Virginie Ledoyen revient auprès de Madame Figaro sur le sexisme qu'elle a subi durant ses castings, alors qu'elle avait à peine 20 ans, et jusqu'à aujourd'hui en vérité : des critères physiques et injonctions improbables qu'elle s'est pris en pleine figures, dès les prémices de sa carrière.
Le cinéma français est-il essentiellement patriarcal, pourrait-on en conclure ? On pourrait répondre que oui à écouter celle qui fut l'une des grandes révélations des années 90 et 2000. Voix ténébreuse, charisme mélancolique, aisance dans la comédie et le drame, Virginie Ledoyen est une comédienne encore beaucoup trop mésestimée.
Quand on est même pas vingtenaire, on subit un sexisme incontournable : hyper sexualisation, demandes déplacées, manipulations du metteur en scène, remarques sur la nudité, la sexualité. Quand on atteint la quarantaine, on subit l'âgisme, et l'exclusion progressive des caméras et des plateaux. Un joli programme n'est-ce pas ?

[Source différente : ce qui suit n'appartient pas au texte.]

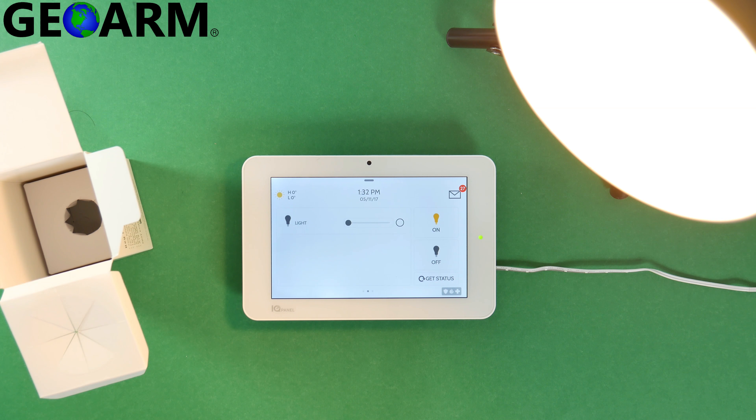You can go ahead and make sure to turn off the light and scroll back to your system. That's how you program the Qolsys QZ-2110-840 into the Qolsys IQ Panel 2 wireless security system. Make sure to subscribe to our YouTube page.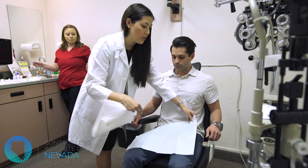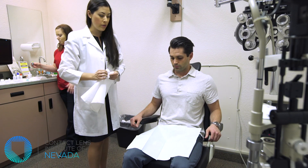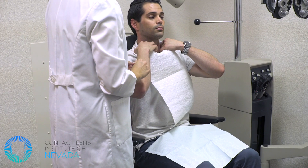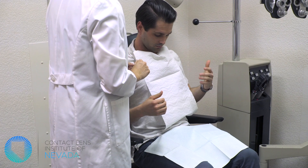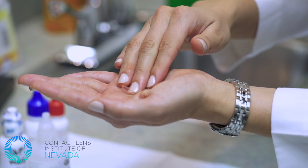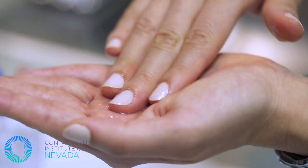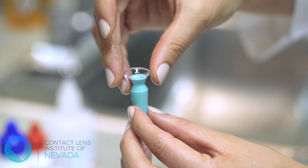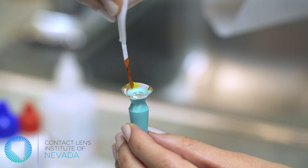The practitioner will begin by setting you up with some paper towels, an apron, or a dental bib to protect your clothing from the liquids and dyes used during the fitting process. They will then select a lens, clean it, and gently place it on your eye. The lens is filled with a non-preserved saline solution, and sometimes a yellow dye is placed in the bowl of the lens.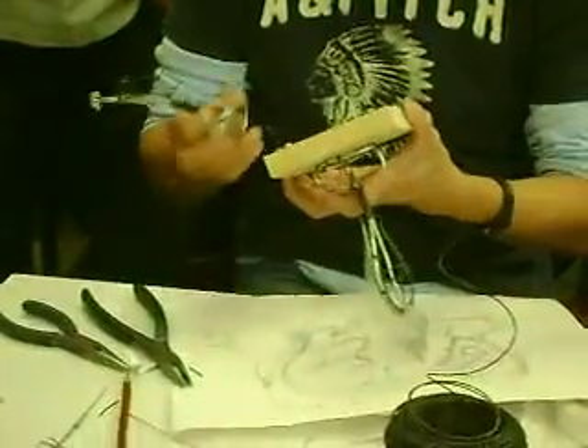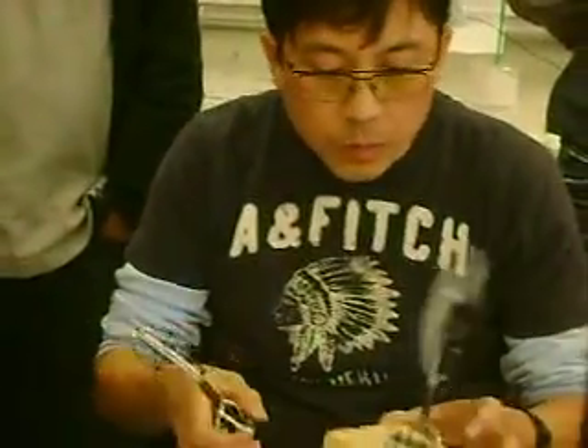I'll show you guys how to put it down to the board. Sometimes you drill a hole through and then tie it down this way; sometimes we hammer it straight down with the staple. Everybody's project is different, so I'll show you a different way of doing it.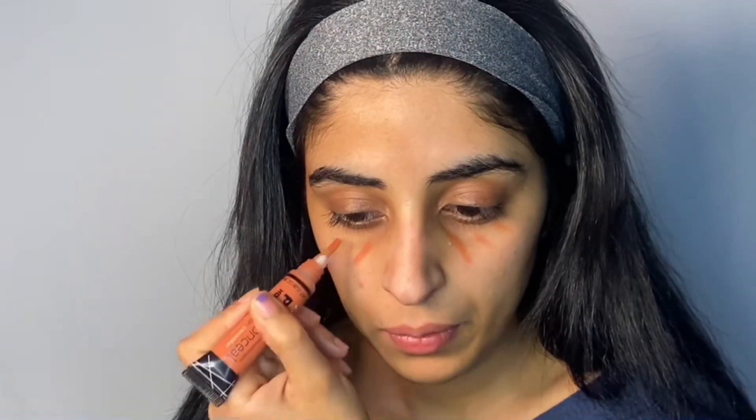The next step is optional, but I'm going in with LA Girl orange color corrector to cover my dark circles and hyperpigmentation. If you struggle with acne and redness, the Catrice Liquid Camouflage High Coverage Concealer in shade 200 is going to be your best friend — just apply a dot on the affected areas and blend.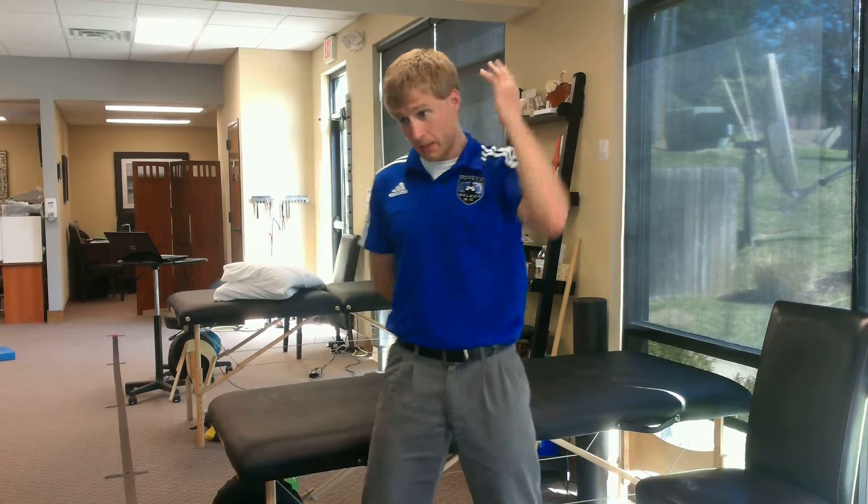Hi, this is Thomas Hunt over at Aspire Rehab Center. I'm one of the physical therapists who work here. What we're going over today is going to be a cervical distraction for those of us who are having neck pain.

Mais écoutons Virginie Ledoyen face à Madame Figaro, sur les images à retrouver ci-contre : "Au cours des castings que tu fais tu es toujours trop maigre, trop grosse, trop jolie, trop moche..."
C'est tout un système que la comédienne illustre dénonce. Elle développe...
Virginie Ledoyen constamment jugée sur son physique durant les castings ? Oui, comme toutes les actrices.
C'est en tout cas ce qu'elle fustige quand Joseph Ghosn, son interlocuteur, lui demande si les injonctions et pressions faites aux comédiennes durant ces interrogatoires très spécifiques entre directeurs/directrices et comédiennes ne sont pas l'expression d'une société patriarcale. Qui ne cesse de commenter et noter le corps des femmes.
On l'écoute encore dans cette conversation : "J'ai grandi avec un commentaire style : ah non c'est pas possible. Un meteur en scène donne corps à un personnage qu'il a dans la tête mais qui ne correspodn pas forcément à vous"
Bien des comédiennes peuvent en témoigner. Sophie Marceau par exemple qui a commencé tout aussi si ce n'est encore plus jeune ! Et qui très tôt s'est vue jugée sur son physique, sur son corps. Récemment elle dénonçait justement à ce titre : "Le cinéma français des années 80 hyper sexualisait les jeunes voire les très jeunes actrices et les humiliait"
"C'était le cinéma des femmes-objets, tout était bon pour les dénuder. C'était presque impossible dans ce temps-là de trouver un rôle qui ne soit pas humiliant, sexualisé, sexualisant, ne servant à rien, puisqu'il s'agissait en premier lieu de femme-objet ou de faire-valoir. C'était clairement une époque où les jeunes actrices, souvent réduites à des figures décoratives, peinaient à obtenir des rôles respectueux et valorisants. Elle raconte sans détour les scénarios humiliants et hypersexualisés, ainsi que les refus courageux qui ont jalonné son parcours, dans ces années où dire non n’allait pas de soi."